Last updated: Sun 5 Apr 2015, 11:47 AM

Requirements on banks' liabilities towards foreign lenders will rise to 8.5 percent from 7.0 percent from Sept. 1. On rouble retail deposits they will increase to 5.5 percent from 5.0 percent and on other liabilities to 6.0 percent from 5.5.

This is the second increase in just over two months, as the central bank battles to rein in inflation running at around 15 percent on an annualised basis so far this year.

"It's not a surprise. The central bank is...making another step towards tightening monetary policy.

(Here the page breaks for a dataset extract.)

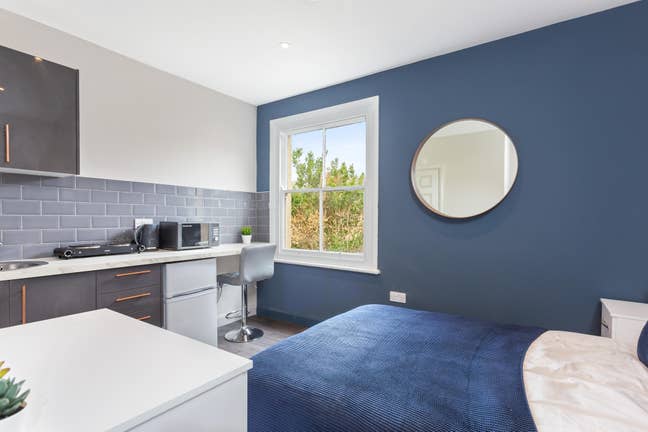 High Standard Shared House in Limetree Avenue Main Photo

From the three options -- appreciating the rouble, hiking interest rates and raising the reserve requirements -- it's choosing probably the least painful one," said Stanislav Ponomarenko, head of research for Russia at ING.

"It's noticeable that again the biggest increase is for reserves related to external borrowing...This capital inflow is one of the key sources of liquidity in the system and thus it (the central bank) is trying to limit it, to destimulate banks from borrowing externally."

The central bank also said it would raise reserves averaging ratio -- which allows banks to spread their reserves over time and even out periods of excess and scarce liquidity -- to 0.55 from 0.50.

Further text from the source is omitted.